What the exercise asks: Return each of the entries below precisely, with no pictures in the result.

Available data:
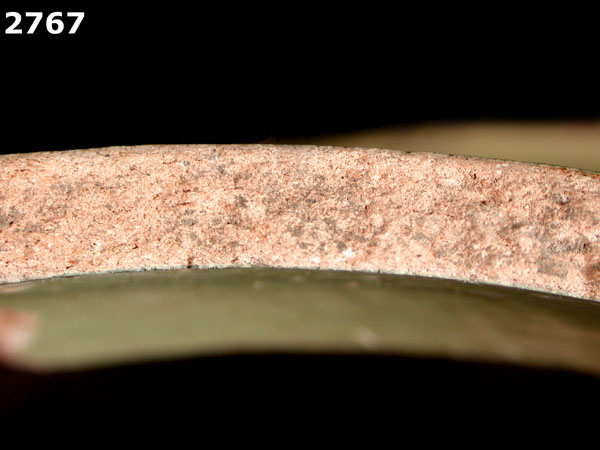 UNIDENTIFIED POLYCHROME MAJOLICA, MEXICO CITY TRADITION specimen 2767 side view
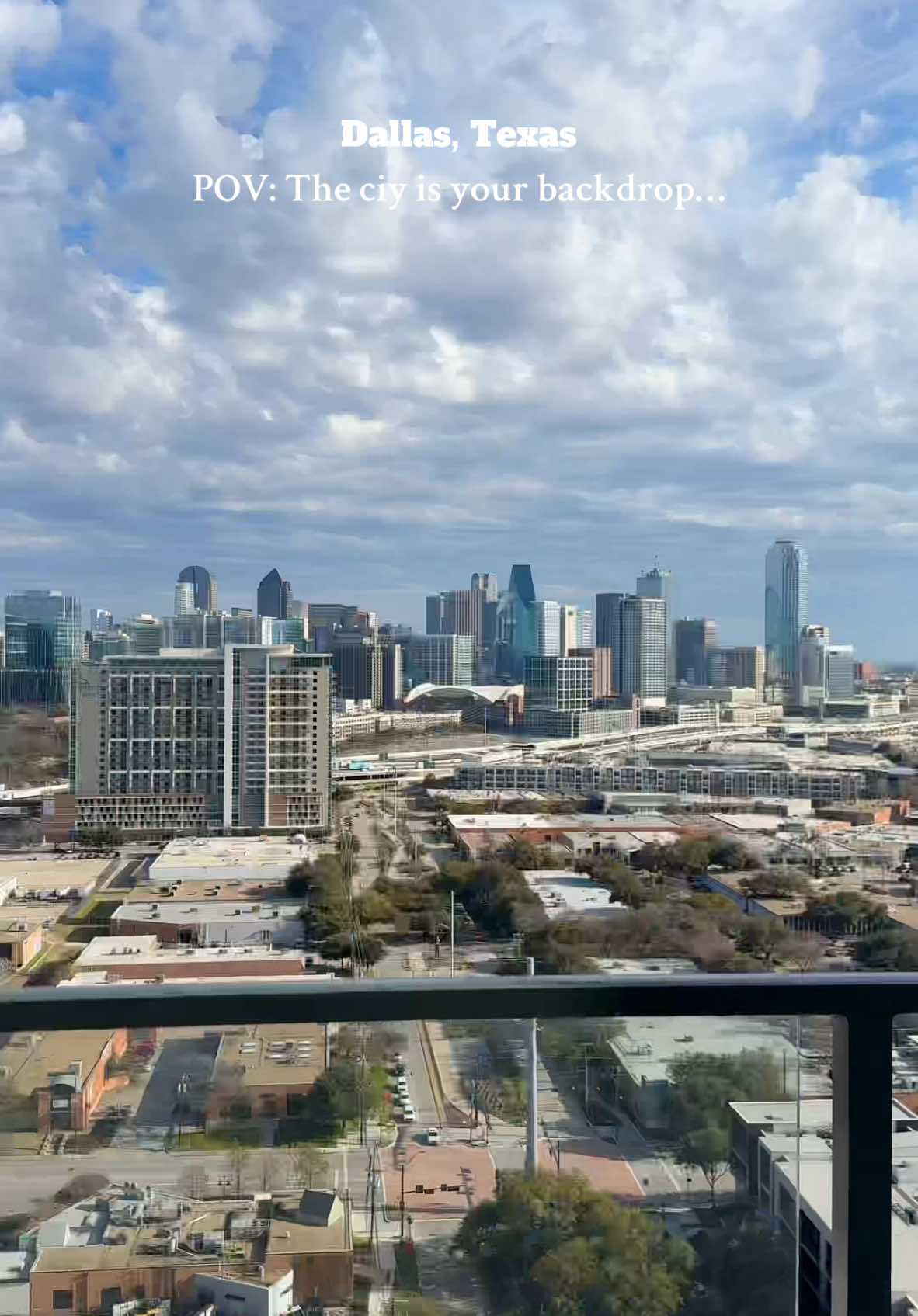 POV: The ciy is your backdrop…  #dallas #dallasapartments #realestate #apartmenttour #movingtotexas #dreamapartment #highrise #cityview #dfwrealestate #texas #movingtodallas #dfw #dallastiktok #fyp 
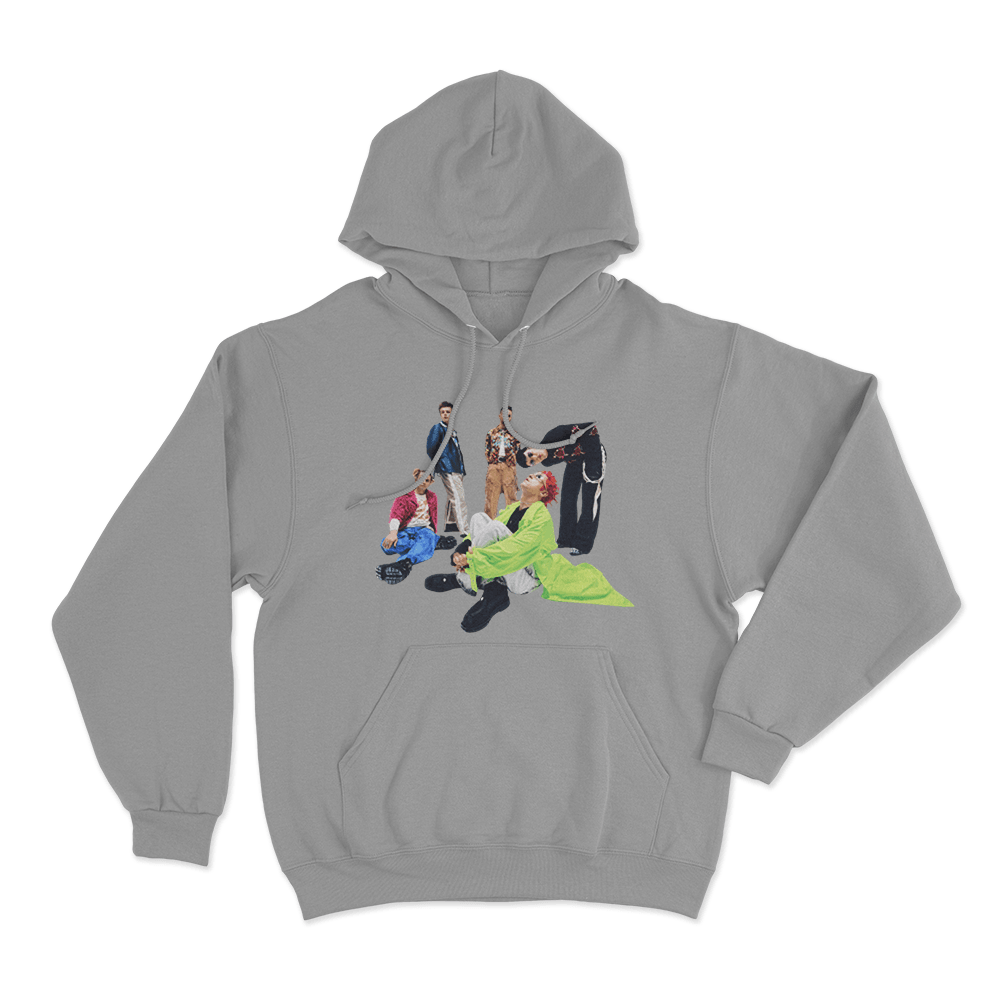 Fontaines DC Portrait Unisex Hoodie Grey Fontaines DC Portrait Unisex Hoodie Grey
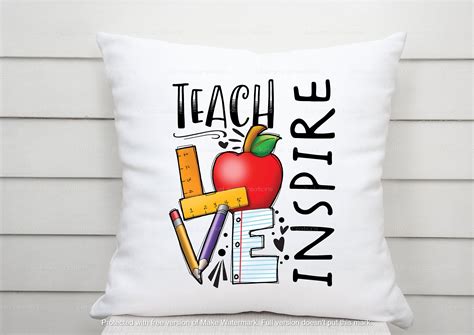 Teachers Cushion Can Be Personalised With Names Or Small Etsy
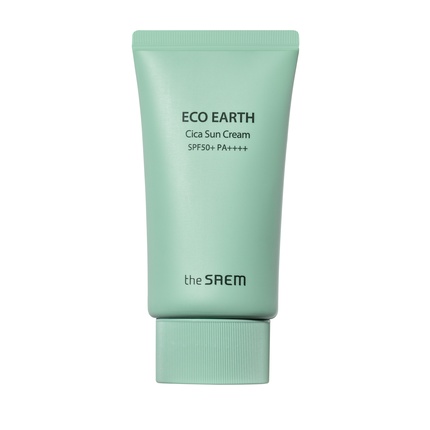 Защитное средство от солнца для лица The Saem Eco Earth Cica Sun Cream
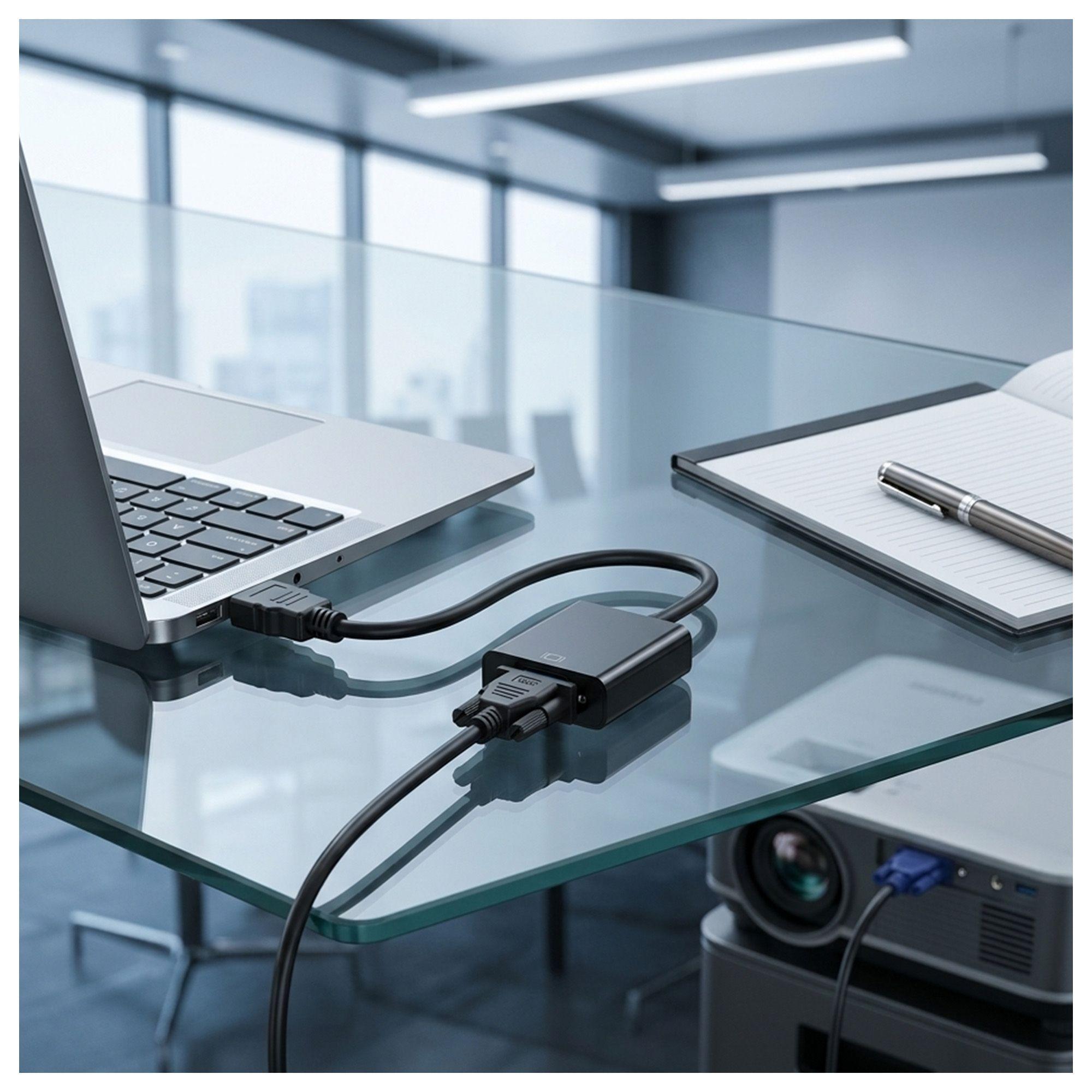 Adaptador de HDMI a VGA con Cable Macho Hembra HDTV-3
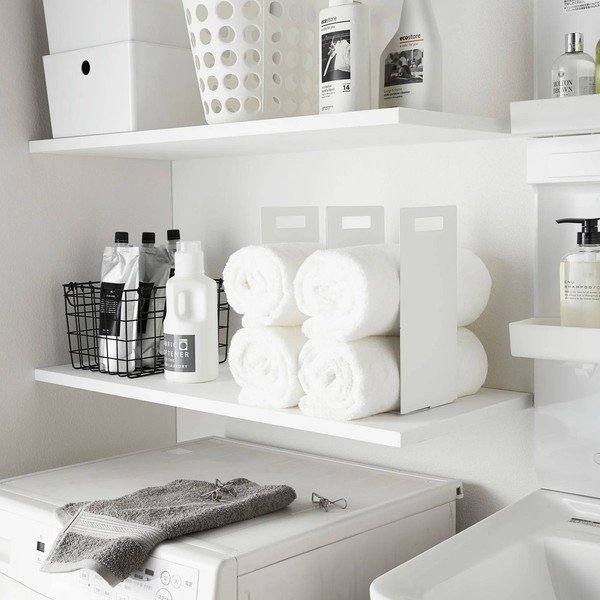 Set di stand portasciugamani bianchi in metallo 2 pz Tower – YAMAZAKI-image-1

Task solution:
 UNIDENTIFIED POLYCHROME MAJOLICA, MEXICO CITY TRADITION specimen 2767 side view
 POV: The ciy is your backdrop…  #dallas #dallasapartments #realestate #apartmenttour #movingtotexas #dreamapartment #highrise #cityview #dfwrealestate #texas #movingtodallas #dfw #dallastiktok #fyp 
 Fontaines DC Portrait Unisex Hoodie Grey Fontaines DC Portrait Unisex Hoodie Grey
 Teachers Cushion Can Be Personalised With Names Or Small Etsy
 Защитное средство от солнца для лица The Saem Eco Earth Cica Sun Cream
 Adaptador de HDMI a VGA con Cable Macho Hembra HDTV-3
 Set di stand portasciugamani bianchi in metallo 2 pz Tower – YAMAZAKI-image-1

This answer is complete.